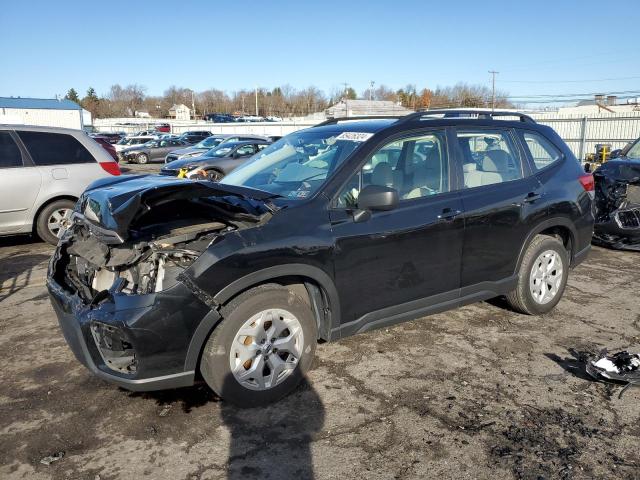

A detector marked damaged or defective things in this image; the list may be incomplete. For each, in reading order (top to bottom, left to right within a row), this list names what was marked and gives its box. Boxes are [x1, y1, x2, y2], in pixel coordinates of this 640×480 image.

crumpled hood [77, 174, 278, 240]
damaged dark car [48, 110, 596, 406]
damaged dark car [592, 139, 640, 251]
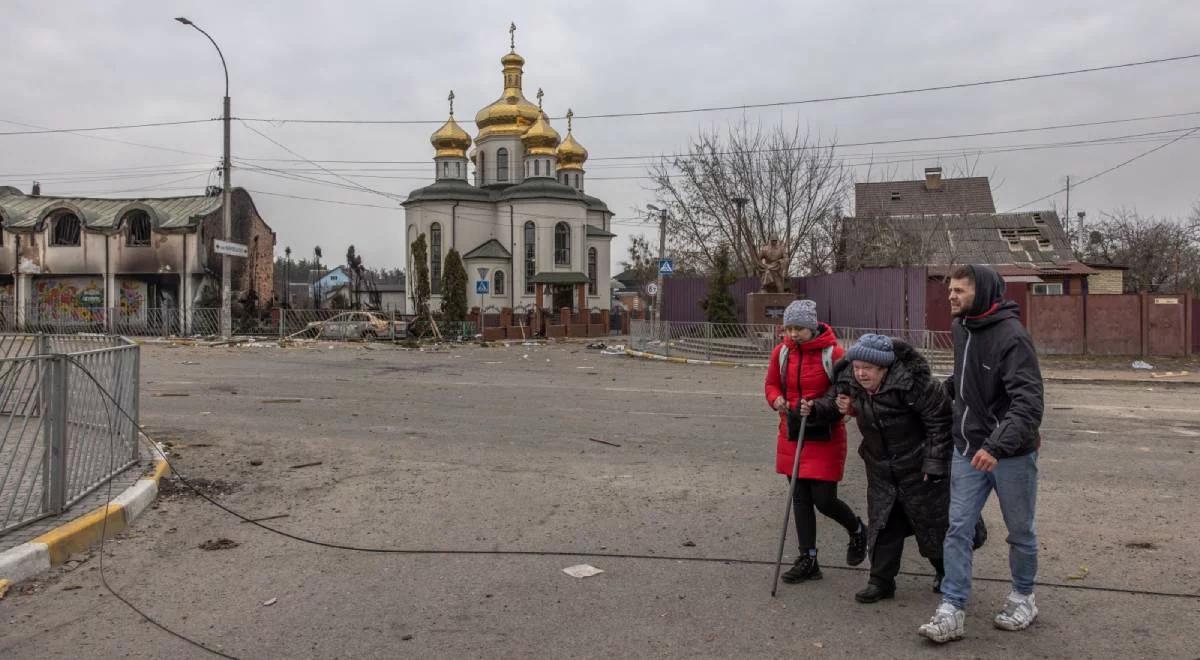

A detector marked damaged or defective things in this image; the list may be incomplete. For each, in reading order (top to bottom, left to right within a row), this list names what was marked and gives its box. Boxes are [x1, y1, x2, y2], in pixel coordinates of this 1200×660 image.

burned building [0, 184, 274, 331]
damaged facade [1, 186, 276, 331]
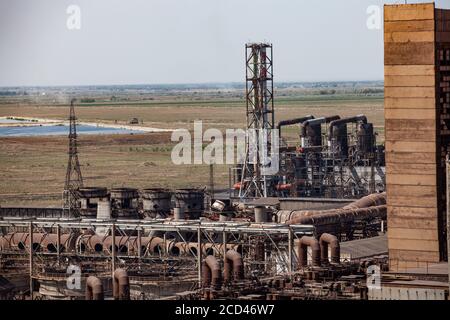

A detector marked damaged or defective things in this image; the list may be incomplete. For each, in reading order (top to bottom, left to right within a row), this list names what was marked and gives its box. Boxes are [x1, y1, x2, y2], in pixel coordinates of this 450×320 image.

> TASK REQUIREMENTS
Nothing but the lines from the line containing "this 1200×660 image." to the end of the records above should be repeated, exactly and with every picture omitted.

> REPLY TO THE TASK
A detector marked damaged or defective things in this image; the list may be incomplete. For each, in reading order (top to bottom, left to right within a row), this list names what was marked and gives its box. Boxes are [x1, y1, x2, y2], in pixel coordinates of this 1200×660 image.

burned building [0, 184, 274, 331]
damaged facade [1, 186, 276, 331]

A detector marked damaged or defective things in this image; the list may be incomplete. For each, in reading order (top to bottom, left to right within a row), this list names what was marked and gives its box. Boxes are [x1, y1, x2, y2], in pixel coordinates of this 450×320 image.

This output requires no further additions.